Welche Unternehmen kommen am Ende am ehesten nach Österreich? Digitale Dienstleistungen schaffen oft wenig Arbeitsplätze. 

Bei uns liegt der Schwerpunkt auf Informations- und Kommunikationstechnologie – Software-Entwickler und Hardware-Hersteller sind bei uns die größte Branche. Danach folgen Handelsbetriebe und Consulting. Dann kommt aber auch schon der Lifescience-Bereich und Energie- und Umwelttechnik, was sehr erfreulich ist. Das Problem, dass Betriebe mit hohem Investment möglicherweise nur wenige Arbeitsplätze schaffen, gibt es aber sehr wohl. Ein gutes Beispiel sind Rechenzentren – hohes Investment, hoher Bedarf an Energie, aber wenige Mitarbeiter. Umgekehrt bei Einzelhandelsbetrieben, die oft viele Mitarbeiter haben, aber wenig investieren.

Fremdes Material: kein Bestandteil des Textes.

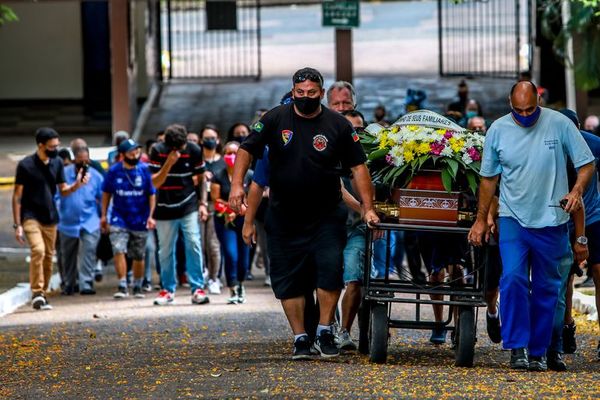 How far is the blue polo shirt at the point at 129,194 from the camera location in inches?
697

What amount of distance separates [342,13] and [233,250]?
11.2m

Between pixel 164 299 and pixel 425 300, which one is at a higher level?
pixel 425 300

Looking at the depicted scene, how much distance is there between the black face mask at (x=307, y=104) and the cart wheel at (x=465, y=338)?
5.82 ft

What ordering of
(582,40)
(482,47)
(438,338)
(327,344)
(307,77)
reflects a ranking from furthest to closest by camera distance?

Deshalb ist der Mix wichtig. Die Zukunft der Standortgewinnung muss eine qualitative sein – welche Unternehmen ergänzen das Ökosystem gut?  

Es ist gar nicht so einfach, genau zu sagen, wieviele Unternehmen sich in Österreich ansiedeln. Die Direktinvestitionen ergeben kein detailliertes Bild und die Betriebsansiedlungen der ABA umfassen nur die Ansiedlungen nach Beratungen. Würden Sie sich besseres Zahlenmaterial wünschen? 

Die Direktinvestitionen umfassen auch Finanztransaktionen und Unternehmensübernahmen. Das ist nicht unser Geschäft. Wir siedeln neue Betriebe an und unterstützen internationale Unternehmen bei der Expansion. Und dabei arbeiten wir stark mit Landesagenturen und internationalen Partnern zusammen. 

Derzeit ist Österreich in einer Rezession und der Fachkräftemangel rückt ein wenig in den Hintergrund. Wenn die Wirtschaft wieder anzieht, kann sich das schnell ändern. Bereitet sich die ABA darauf schon vor? 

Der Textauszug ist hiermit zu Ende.